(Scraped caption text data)

[Start of Attachment]

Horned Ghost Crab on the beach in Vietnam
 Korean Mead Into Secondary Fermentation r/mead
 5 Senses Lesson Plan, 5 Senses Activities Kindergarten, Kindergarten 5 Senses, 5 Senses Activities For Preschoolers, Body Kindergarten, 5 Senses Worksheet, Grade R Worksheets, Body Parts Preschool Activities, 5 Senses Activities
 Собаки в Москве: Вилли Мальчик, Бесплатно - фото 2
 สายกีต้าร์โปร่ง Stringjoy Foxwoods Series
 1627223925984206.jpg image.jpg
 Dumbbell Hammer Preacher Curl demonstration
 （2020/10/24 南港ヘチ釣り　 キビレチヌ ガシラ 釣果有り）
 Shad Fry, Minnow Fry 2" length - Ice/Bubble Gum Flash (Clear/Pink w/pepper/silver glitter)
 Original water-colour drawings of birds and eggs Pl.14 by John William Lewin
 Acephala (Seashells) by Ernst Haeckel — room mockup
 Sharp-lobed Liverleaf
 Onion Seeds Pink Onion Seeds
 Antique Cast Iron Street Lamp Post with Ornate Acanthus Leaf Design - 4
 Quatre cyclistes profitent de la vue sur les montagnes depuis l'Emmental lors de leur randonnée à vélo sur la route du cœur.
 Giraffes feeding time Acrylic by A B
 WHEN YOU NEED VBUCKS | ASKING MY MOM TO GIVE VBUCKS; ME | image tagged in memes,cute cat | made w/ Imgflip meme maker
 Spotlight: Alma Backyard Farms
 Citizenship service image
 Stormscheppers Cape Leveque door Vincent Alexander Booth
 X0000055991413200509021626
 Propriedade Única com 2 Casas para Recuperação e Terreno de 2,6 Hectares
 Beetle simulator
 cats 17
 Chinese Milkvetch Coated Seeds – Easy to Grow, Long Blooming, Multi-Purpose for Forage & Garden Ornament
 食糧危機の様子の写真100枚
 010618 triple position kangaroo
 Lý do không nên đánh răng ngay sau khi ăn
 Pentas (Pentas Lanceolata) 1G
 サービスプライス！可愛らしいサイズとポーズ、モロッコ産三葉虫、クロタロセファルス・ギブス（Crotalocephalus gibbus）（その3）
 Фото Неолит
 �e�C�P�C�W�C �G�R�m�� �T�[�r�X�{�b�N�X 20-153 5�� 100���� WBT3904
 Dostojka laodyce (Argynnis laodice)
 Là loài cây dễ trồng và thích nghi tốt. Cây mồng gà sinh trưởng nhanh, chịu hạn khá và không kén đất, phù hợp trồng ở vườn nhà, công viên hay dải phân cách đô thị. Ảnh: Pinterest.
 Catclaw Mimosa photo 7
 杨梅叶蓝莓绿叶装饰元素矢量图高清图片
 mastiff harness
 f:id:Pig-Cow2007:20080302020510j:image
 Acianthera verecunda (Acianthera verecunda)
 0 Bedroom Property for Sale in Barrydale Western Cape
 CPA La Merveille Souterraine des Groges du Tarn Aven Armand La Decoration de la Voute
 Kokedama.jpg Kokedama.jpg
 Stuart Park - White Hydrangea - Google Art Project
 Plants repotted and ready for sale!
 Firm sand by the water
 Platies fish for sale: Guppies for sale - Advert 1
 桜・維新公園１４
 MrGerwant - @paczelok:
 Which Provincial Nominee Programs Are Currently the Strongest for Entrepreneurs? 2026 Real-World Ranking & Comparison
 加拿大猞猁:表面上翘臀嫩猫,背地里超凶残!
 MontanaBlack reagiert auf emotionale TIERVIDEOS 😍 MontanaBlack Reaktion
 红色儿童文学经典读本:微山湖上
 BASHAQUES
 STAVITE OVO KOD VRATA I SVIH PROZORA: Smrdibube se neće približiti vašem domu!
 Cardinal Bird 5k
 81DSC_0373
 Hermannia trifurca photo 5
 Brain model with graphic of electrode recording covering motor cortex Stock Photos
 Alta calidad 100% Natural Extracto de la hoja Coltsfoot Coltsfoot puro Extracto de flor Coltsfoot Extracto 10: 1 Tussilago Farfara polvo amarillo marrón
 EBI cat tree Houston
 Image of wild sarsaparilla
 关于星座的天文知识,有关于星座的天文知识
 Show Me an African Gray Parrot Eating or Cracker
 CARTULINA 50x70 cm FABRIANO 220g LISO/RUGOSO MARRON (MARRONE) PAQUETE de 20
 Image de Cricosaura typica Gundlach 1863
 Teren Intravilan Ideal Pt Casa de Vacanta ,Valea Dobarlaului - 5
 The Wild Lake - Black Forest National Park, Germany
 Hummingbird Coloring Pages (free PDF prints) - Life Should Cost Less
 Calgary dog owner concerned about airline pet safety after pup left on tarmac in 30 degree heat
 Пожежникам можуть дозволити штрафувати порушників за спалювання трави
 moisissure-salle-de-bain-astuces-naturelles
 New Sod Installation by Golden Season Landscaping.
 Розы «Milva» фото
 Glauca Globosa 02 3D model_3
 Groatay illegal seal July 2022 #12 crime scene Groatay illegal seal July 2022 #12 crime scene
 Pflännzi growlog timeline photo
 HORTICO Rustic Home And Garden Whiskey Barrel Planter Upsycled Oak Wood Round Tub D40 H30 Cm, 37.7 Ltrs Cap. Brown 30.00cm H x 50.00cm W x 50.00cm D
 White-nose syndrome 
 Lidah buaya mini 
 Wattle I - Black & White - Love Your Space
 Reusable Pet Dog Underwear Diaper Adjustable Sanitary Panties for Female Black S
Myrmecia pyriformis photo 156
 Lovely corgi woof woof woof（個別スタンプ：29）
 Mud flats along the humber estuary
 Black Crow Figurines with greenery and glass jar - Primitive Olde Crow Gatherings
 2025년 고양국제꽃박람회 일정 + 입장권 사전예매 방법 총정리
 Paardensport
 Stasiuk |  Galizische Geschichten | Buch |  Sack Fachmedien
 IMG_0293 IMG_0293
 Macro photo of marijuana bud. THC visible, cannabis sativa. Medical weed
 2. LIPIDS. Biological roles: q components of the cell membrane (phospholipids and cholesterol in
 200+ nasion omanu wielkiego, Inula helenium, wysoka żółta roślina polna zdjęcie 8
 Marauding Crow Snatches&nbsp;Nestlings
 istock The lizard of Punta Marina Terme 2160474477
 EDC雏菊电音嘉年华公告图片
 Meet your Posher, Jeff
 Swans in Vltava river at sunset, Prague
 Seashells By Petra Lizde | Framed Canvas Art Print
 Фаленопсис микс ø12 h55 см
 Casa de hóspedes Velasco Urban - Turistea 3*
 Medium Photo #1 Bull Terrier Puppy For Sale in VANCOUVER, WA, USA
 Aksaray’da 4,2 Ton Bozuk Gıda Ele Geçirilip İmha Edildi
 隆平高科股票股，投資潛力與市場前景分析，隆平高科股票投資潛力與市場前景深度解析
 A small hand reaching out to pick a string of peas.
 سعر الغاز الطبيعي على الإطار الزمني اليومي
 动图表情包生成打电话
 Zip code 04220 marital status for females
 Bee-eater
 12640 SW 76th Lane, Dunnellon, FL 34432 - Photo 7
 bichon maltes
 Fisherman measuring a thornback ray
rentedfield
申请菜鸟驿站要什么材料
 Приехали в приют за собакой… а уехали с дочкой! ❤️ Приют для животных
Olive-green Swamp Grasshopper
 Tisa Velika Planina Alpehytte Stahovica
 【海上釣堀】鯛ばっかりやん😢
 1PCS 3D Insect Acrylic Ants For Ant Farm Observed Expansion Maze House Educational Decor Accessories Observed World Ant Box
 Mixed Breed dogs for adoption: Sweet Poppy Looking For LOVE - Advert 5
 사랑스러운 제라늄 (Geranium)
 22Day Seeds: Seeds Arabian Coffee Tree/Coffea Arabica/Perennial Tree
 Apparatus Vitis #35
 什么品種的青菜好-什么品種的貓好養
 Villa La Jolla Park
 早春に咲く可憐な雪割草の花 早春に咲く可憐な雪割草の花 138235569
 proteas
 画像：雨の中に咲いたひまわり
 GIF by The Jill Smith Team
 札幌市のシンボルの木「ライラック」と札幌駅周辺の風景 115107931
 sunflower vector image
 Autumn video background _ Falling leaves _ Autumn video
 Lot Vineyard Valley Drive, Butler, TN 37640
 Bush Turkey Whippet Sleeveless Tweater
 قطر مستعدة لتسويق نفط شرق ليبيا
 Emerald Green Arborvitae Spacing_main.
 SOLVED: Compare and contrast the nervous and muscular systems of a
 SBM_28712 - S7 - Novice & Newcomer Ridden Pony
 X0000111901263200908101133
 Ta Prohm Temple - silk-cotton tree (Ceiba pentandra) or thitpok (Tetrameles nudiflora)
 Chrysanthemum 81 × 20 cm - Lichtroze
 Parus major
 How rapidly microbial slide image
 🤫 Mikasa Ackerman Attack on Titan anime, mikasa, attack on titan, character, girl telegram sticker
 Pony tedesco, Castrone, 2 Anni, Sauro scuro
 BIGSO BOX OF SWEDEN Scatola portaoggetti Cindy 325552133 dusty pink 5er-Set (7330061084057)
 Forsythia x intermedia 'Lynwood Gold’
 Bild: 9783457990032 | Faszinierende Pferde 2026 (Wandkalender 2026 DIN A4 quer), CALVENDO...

[End of Attachment]

▸ **Task prompt**: Quote exactly the first line of the entries and every line after it, stopping with the line that contains "Lý do không nên đánh răng ngay sau khi ăn".

▸ **Exercise result**:
Horned Ghost Crab on the beach in Vietnam
 Korean Mead Into Secondary Fermentation r/mead
 5 Senses Lesson Plan, 5 Senses Activities Kindergarten, Kindergarten 5 Senses, 5 Senses Activities For Preschoolers, Body Kindergarten, 5 Senses Worksheet, Grade R Worksheets, Body Parts Preschool Activities, 5 Senses Activities
 Собаки в Москве: Вилли Мальчик, Бесплатно - фото 2
 สายกีต้าร์โปร่ง Stringjoy Foxwoods Series
 1627223925984206.jpg image.jpg
 Dumbbell Hammer Preacher Curl demonstration
 （2020/10/24 南港ヘチ釣り　 キビレチヌ ガシラ 釣果有り）
 Shad Fry, Minnow Fry 2" length - Ice/Bubble Gum Flash (Clear/Pink w/pepper/silver glitter)
 Original water-colour drawings of birds and eggs Pl.14 by John William Lewin
 Acephala (Seashells) by Ernst Haeckel — room mockup
 Sharp-lobed Liverleaf
 Onion Seeds Pink Onion Seeds
 Antique Cast Iron Street Lamp Post with Ornate Acanthus Leaf Design - 4
 Quatre cyclistes profitent de la vue sur les montagnes depuis l'Emmental lors de leur randonnée à vélo sur la route du cœur.
 Giraffes feeding time Acrylic by A B
 WHEN YOU NEED VBUCKS | ASKING MY MOM TO GIVE VBUCKS; ME | image tagged in memes,cute cat | made w/ Imgflip meme maker
 Spotlight: Alma Backyard Farms
 Citizenship service image
 Stormscheppers Cape Leveque door Vincent Alexander Booth
 X0000055991413200509021626
 Propriedade Única com 2 Casas para Recuperação e Terreno de 2,6 Hectares
 Beetle simulator
 cats 17
 Chinese Milkvetch Coated Seeds – Easy to Grow, Long Blooming, Multi-Purpose for Forage & Garden Ornament
 食糧危機の様子の写真100枚
 010618 triple position kangaroo
 Lý do không nên đánh răng ngay sau khi ăn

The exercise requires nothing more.